Sydney Sweeney is already talking about sequel potential for The Housemaid as the Lionsgate thriller hits theaters and posts a solid holiday start. Box office estimates put the film on track for roughly a $19 million domestic opening weekend, positioning it as a mid-budget play that could expand into a franchise if it holds through the Christmas corridor.
Sweeney stars as Millie, a live-in housemaid who takes a job with a wealthy couple and learns the home runs on secrets. Paul Feig directs, with Amanda Seyfried, Brandon Sklenar, Michele Morrone and Elizabeth Perkins in the cast. In premiere-week interviews, Sweeney framed Millie as “spicy” and “a fighter,” and said she wants to keep playing her if the studio moves ahead. “I would love to,” she said, adding that she has been “such a huge fan of the books.”
The source material gives filmmakers runway.

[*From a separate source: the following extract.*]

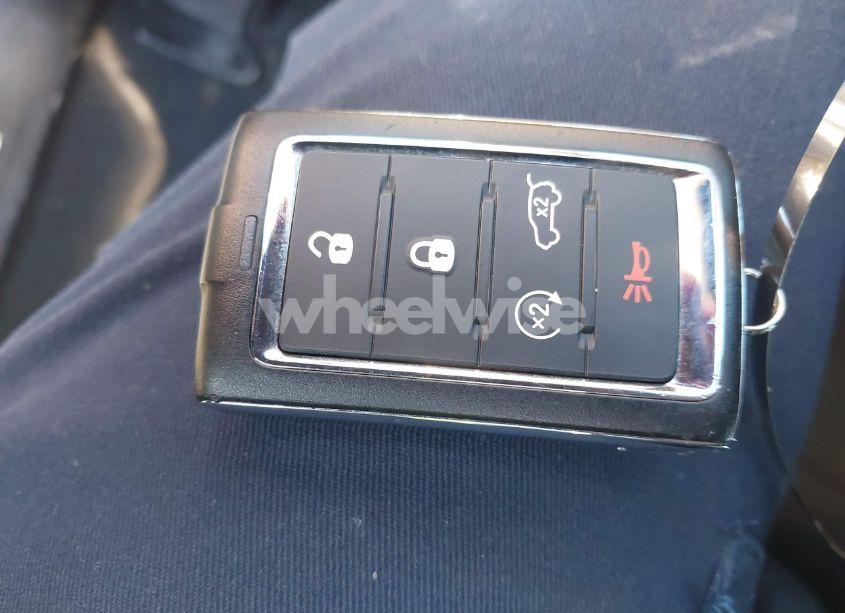 Photo 11 of 2023 Jeep Grand CHEROKEE L SUMMIT RESERVE 4X4 (VIN 1C4RJKET8P8721939)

Author Freida McFadden followed the 2022 novel with The Housemaid’s Secret (2023) and The Housemaid Is Watching (2024), plus a short story, The Housemaid’s Wedding. McFadden has said she would like to see the rest of the series adapted, while Feig has stressed that future movies hinge on how the first film performs commercially.

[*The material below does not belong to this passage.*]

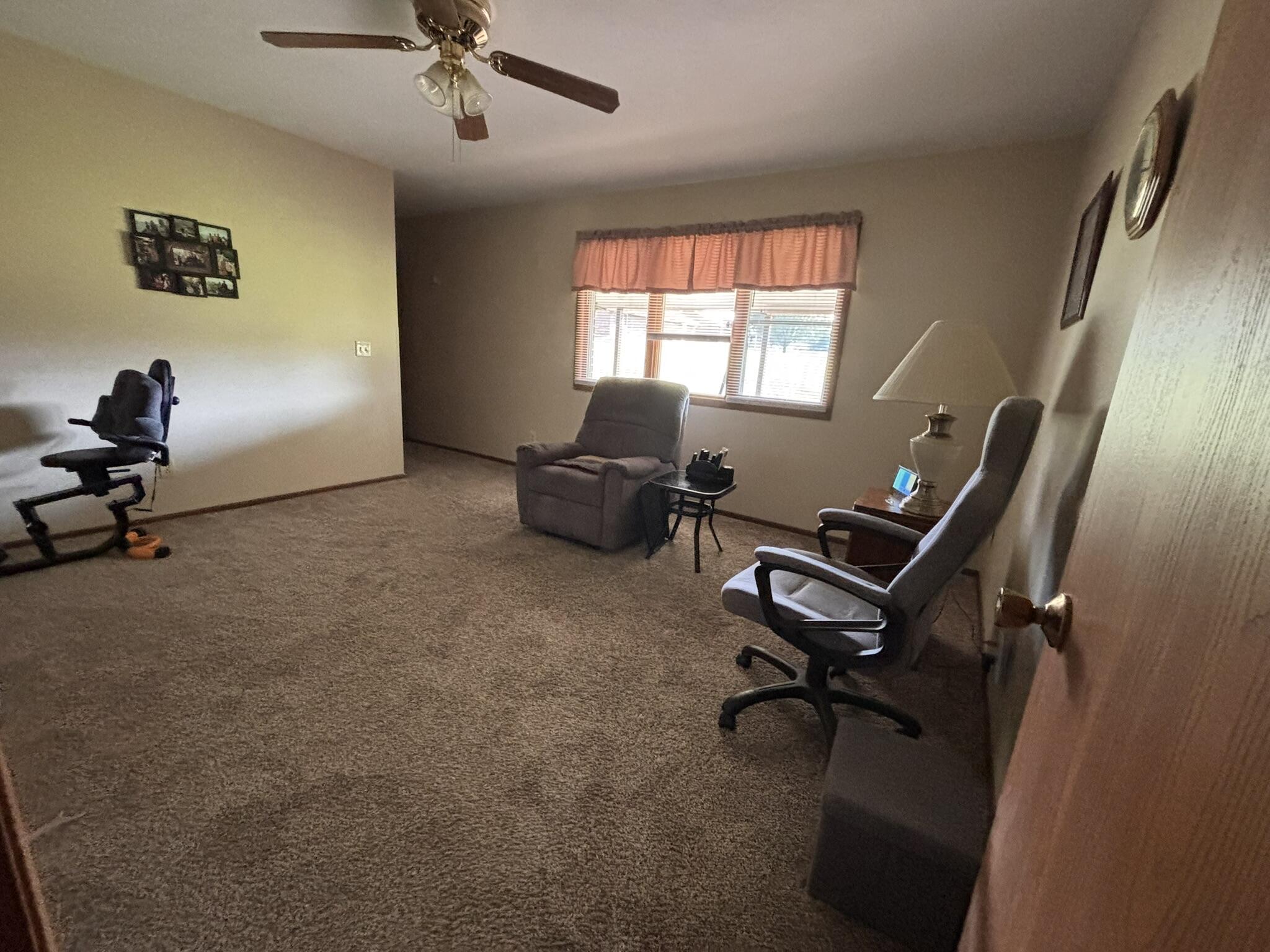 3093 Brixton, Springfield, Ohio 45503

Feig has also signaled he will not treat the books as a strict blueprint. He changed key beats in the ending, keeping the central twist while steering the final stretch toward a more direct, violent confrontation that plays as catharsis for a theater crowd. McFadden praised the revision, calling the film’s finish even more thrilling than what she wrote.
Seyfried, who plays Nina, has described the role as a performance inside a performance: Nina acts unstable while pushing Millie toward a plan against her abusive husband. Seyfried said she and Feig leaned on improvisation at times to keep scenes unpredictable for Sweeney and to sharpen the film’s tension-to-humor rhythm.